* DATA BELOW:
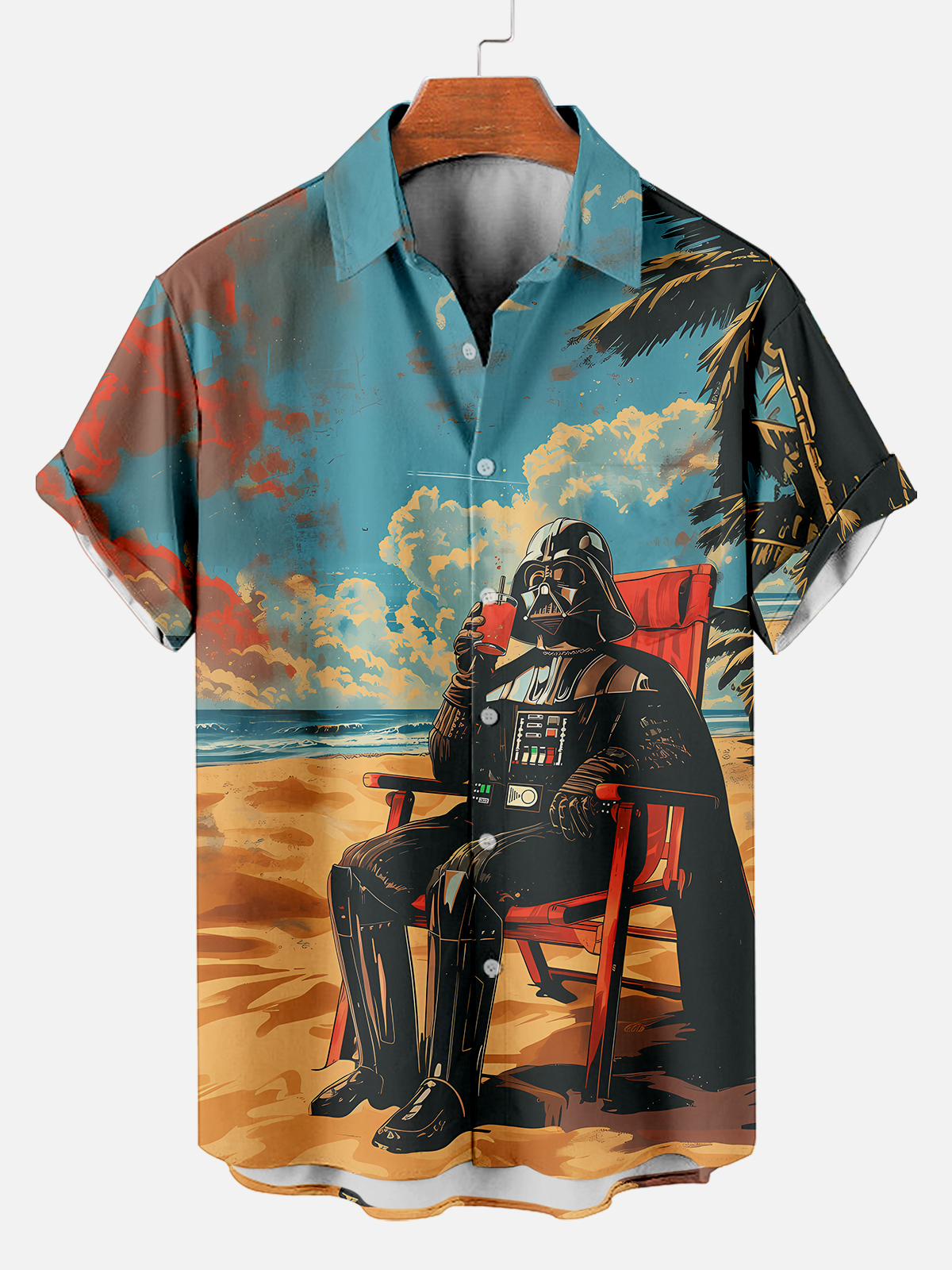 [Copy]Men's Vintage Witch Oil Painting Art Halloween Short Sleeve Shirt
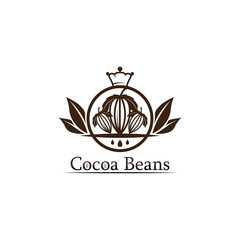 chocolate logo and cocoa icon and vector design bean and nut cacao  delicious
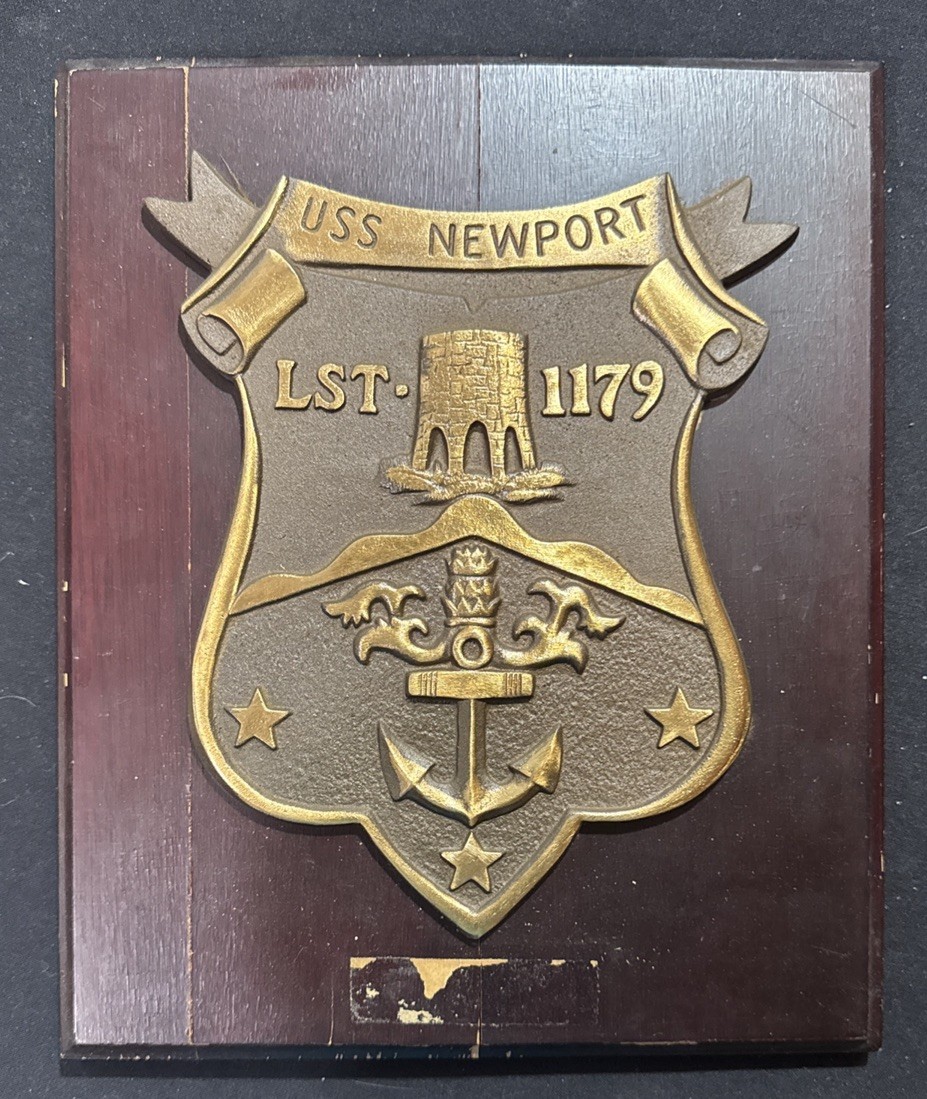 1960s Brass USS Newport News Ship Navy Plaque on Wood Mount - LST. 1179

* WHAT THE EXERCISE ASKS:
The data is to be returned exactly as it stands, pictures aside.

* SOLUTION TO THE PROBLEM:
 [Copy]Men's Vintage Witch Oil Painting Art Halloween Short Sleeve Shirt
 chocolate logo and cocoa icon and vector design bean and nut cacao  delicious
 1960s Brass USS Newport News Ship Navy Plaque on Wood Mount - LST. 1179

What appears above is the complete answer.